## PROBLEM DETAILS:
Reproduce the lines from the one holding "Versículos De La" to the end of the entries. Include both ends and change nothing.

## DATA PROVIDED:

○ ○ ○ ○ ○

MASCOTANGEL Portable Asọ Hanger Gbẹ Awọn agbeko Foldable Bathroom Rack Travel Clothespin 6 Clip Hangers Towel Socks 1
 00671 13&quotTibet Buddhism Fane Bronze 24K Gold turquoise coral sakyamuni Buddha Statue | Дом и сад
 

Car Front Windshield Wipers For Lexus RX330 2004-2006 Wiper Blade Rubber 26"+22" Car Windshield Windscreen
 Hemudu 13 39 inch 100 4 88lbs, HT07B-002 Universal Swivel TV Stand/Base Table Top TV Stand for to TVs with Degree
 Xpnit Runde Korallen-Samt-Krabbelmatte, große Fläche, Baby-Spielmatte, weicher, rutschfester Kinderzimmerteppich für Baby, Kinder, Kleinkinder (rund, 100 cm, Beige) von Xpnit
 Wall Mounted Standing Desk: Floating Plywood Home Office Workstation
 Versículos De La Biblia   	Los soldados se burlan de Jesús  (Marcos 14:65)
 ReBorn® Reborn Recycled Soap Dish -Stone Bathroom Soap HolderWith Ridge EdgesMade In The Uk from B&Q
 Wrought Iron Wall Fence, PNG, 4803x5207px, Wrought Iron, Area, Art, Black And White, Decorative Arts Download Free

○ ○ ○ ○ ○

## SOLUTION BELOW:
 Versículos De La Biblia   	Los soldados se burlan de Jesús  (Marcos 14:65)
 ReBorn® Reborn Recycled Soap Dish -Stone Bathroom Soap HolderWith Ridge EdgesMade In The Uk from B&Q
 Wrought Iron Wall Fence, PNG, 4803x5207px, Wrought Iron, Area, Art, Black And White, Decorative Arts Download Free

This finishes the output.